Budget Bickering Will Lead To Government Freeze

by Ashley Carter
Columnist

The 112th Congress convened on Jan. 3, 2011. It is almost April, and Congress still has no budget. Something is wrong with this picture.

Actually, the government’s fiscal year began in October 2010. Unfortunately, no formal budget was adopted then due to resistance from Republicans. Instead, a resolution was passed to fund the federal government until March 4, 2011.

Congress passed a two-week extension on Feb. 28 and another extension on March 15. At this point, Congress has until April 8 to pass a budget — and many members of Congress are balking at the thought of yet another extension.

Why can’t Congress come up with a budget? Short answer: a lack of compromise between the parties. Republicans ran on a platform promising to cut $100 billion from the budget. Early on, they realized that this was unrealistic, as they would already be halfway through the fiscal year on March 4.

However, when Republican leaders proposed to cut $31 billion, many younger Republicans objected — particularly those who represent the Tea Party. In the end, Republicans settled on attempting to cut $61 billion from the budget.
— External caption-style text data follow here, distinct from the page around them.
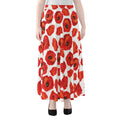 Red Poppy Pattern Print Chiffon Maxi Skirt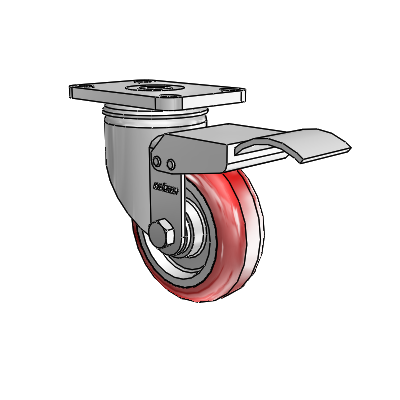 Stainless 3.5"x1.25" HI-TECH Delrin Bearing Caster with Total Lock and 2.5"x3.625" Plate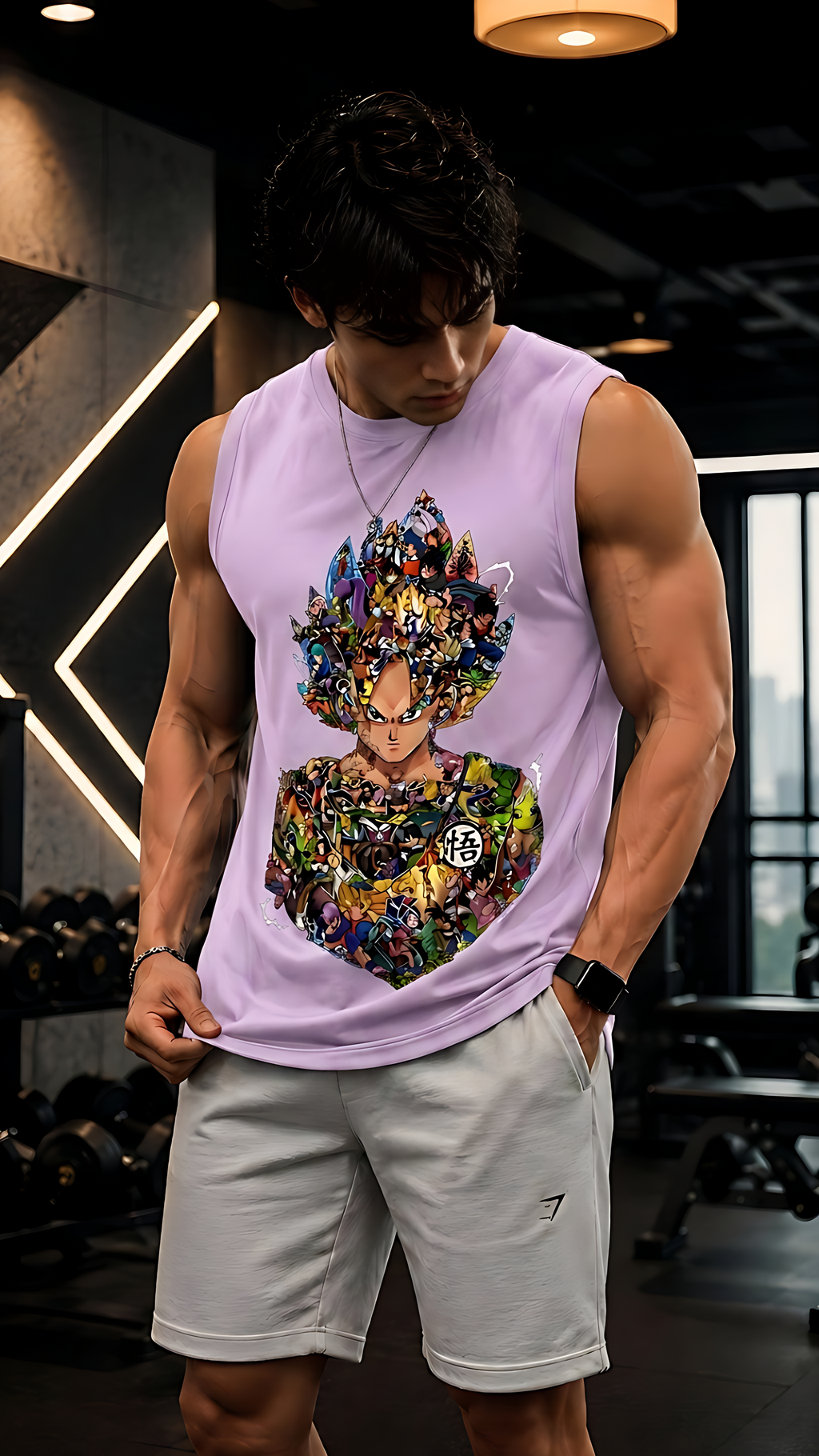 Anime Warrior Sleeveless T-Shirt for Men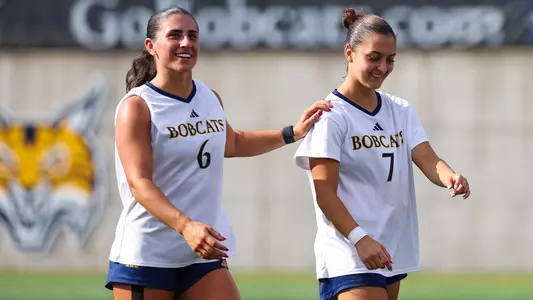 Madison Alves and Milena Branco After Game Against Syracuse (Aug. 28, 2025 in Hamden, Conn.)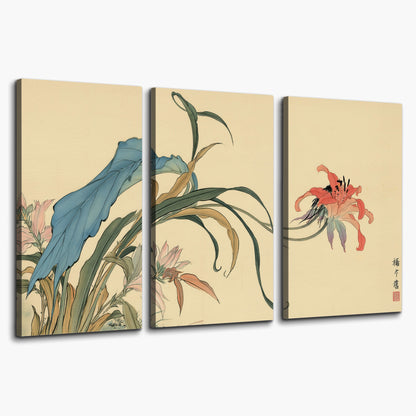 A delicate red flower and long blue-green leaves on a warm cream ground 3 piece canvas wall art on a white background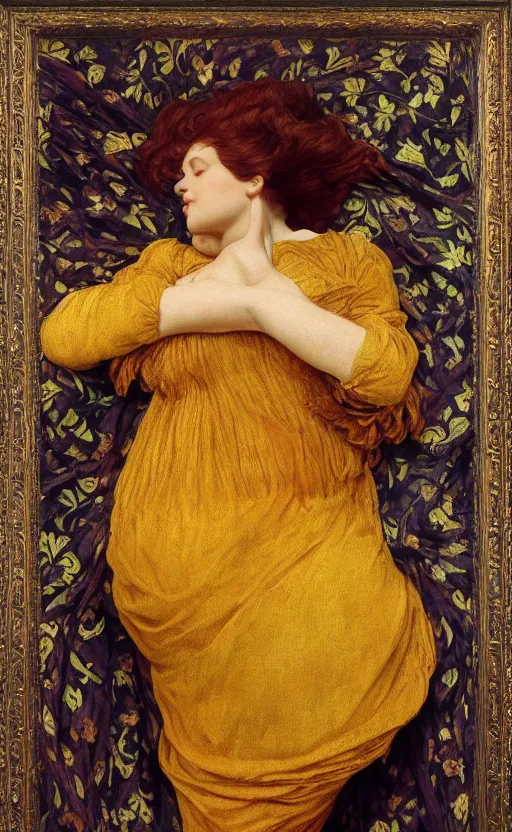 Prompt: preraphaelite full body reclining portrait photography masterpiece hybrid of judy garland and florence welch, foreshortening, brown hair fringe, yellow ochre ornate medieval dress, kilian eng and william holman hunt, frederic leighton, ford madox brown, william morris, framed, 4 k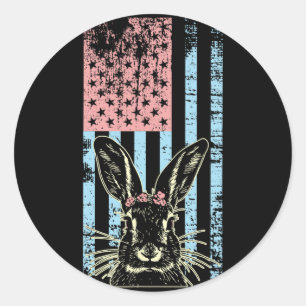 Adesivo Retro Vintage Pastel American Flag Bunny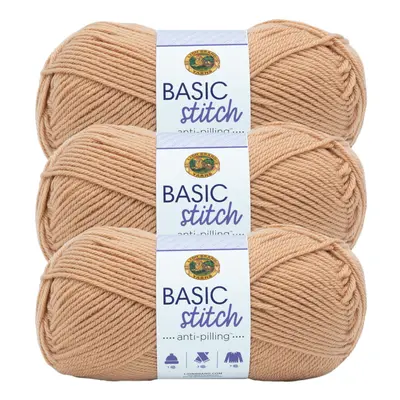 Lion Brand Yarn Basic Stitch AntiPilling Knitting Yarn Yarn for Crocheting 3Pack Clay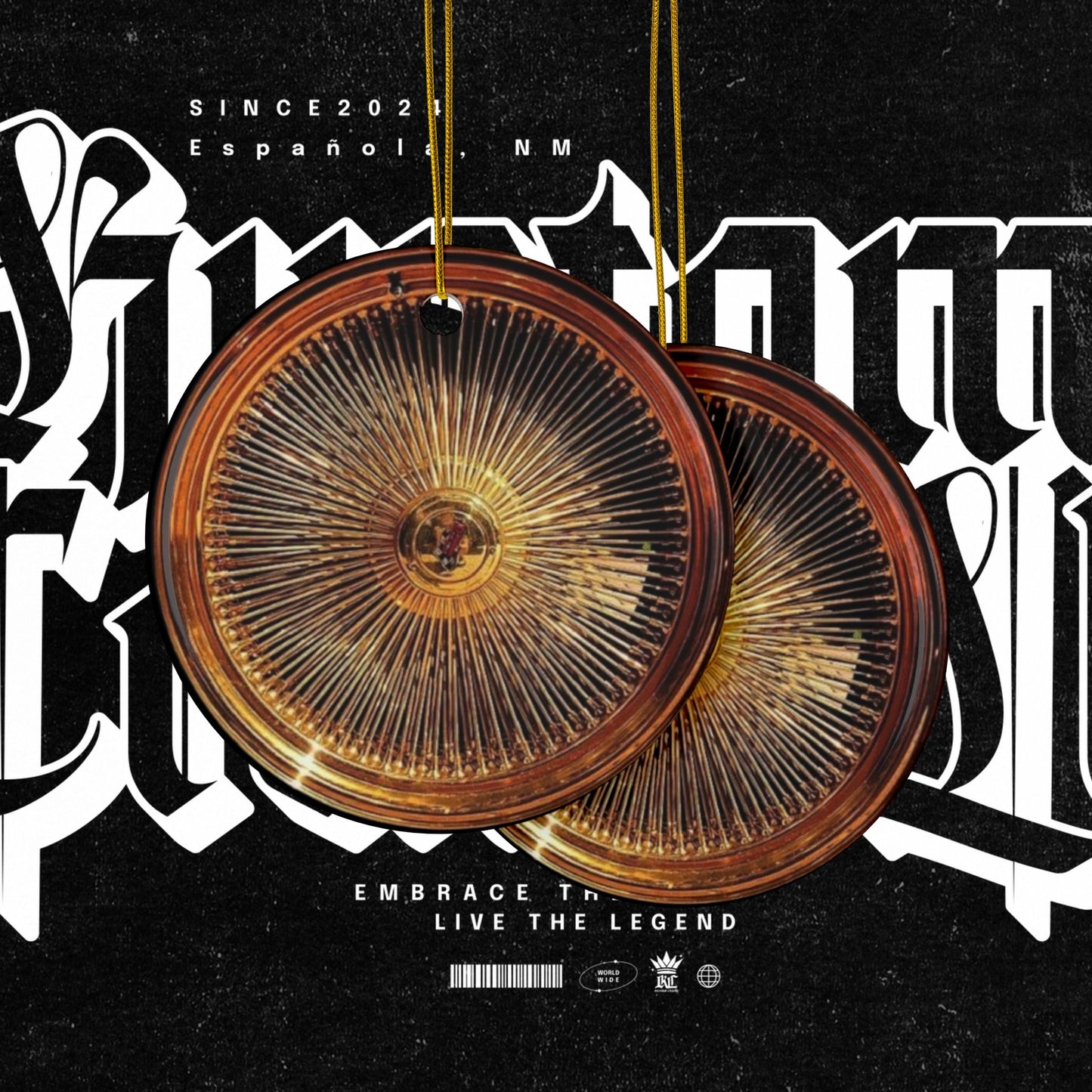 Ceramic Ornaments - Lowrider Gold Rim Design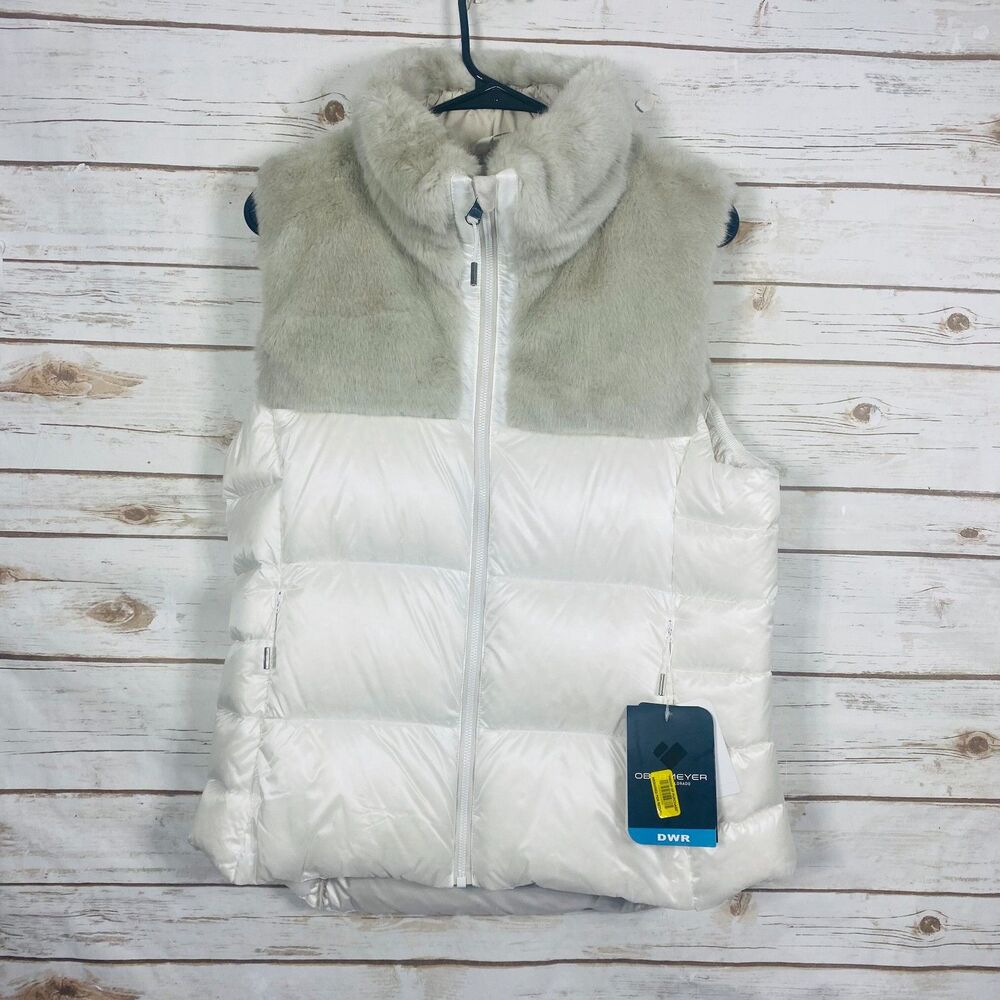 Obermeyer Women Full Zip Maxine Down Vest Faux Fur Puffer Insulated White L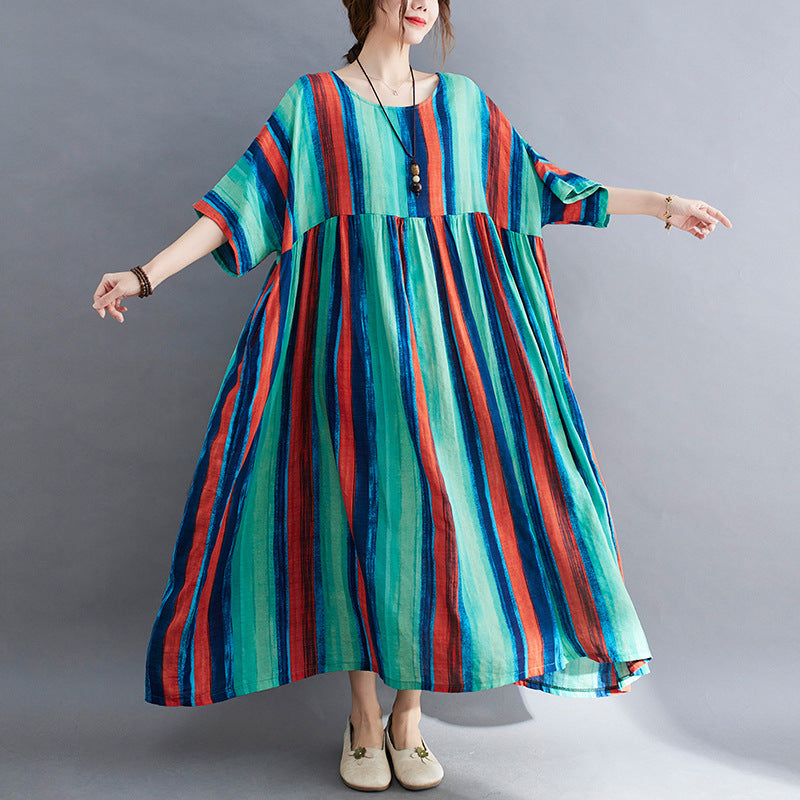 Summer Striped Women Long Cozy Dresses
A month ago, I wrote about the massive budget cuts that Republicans had proposed. Luckily, those measures have not passed into law — though the House passed the bill, the Senate did not.

Democrats, who have a majority in the Senate, saw this bill as a point from which to negotiate with their Republican counterparts to create some sort of compromise. Unfortunately, the Republican Party seems unwilling to accept any compromise that would cut less from the budget.

The Democrats in Congress stated their willingness to begin with $20 billion in cuts and work from that point. However, Congress seems deadlocked, with negotiations moving incredibly slowly towards a number that will likely be between $30 and $40 billion. If Congress cannot either agree on a new budget or pass another extension by April 8, a government shutdown could occur — the worst fear of many who see shutdown as political suicide.

The Republican Party’s first-time members of Congress will learn a very important lesson: never make promises that you aren’t positive you can keep. Democrats are not likely to agree to a cut of $61 billion, even with the threat of a government shutdown looming.

Even if the Grand Old Party could guarantee a number, it cannot promise that its cuts will help to deal with the country’s huge deficit. In fact, a cut of this magnitude is likely to cut thousands of jobs, in a country still hovering at an unemployment rate of about 9 percent. The goal should be to help the economy, not set it back again.
The fact that Democrats and Republicans are at least talking about the budget is a step in the right direction. However, there is no room for childish bickering when it comes to the federal budget.

Some smaller cuts have already been made, and many more will likely follow. Transylvania students should watch the news carefully to see how they will be affected — proposed cuts include those to Federal Pell Grants.

In the end, both parties should be making a significant effort to compromise on budget cuts, instead of stonewalling each other and threatening a government shutdown.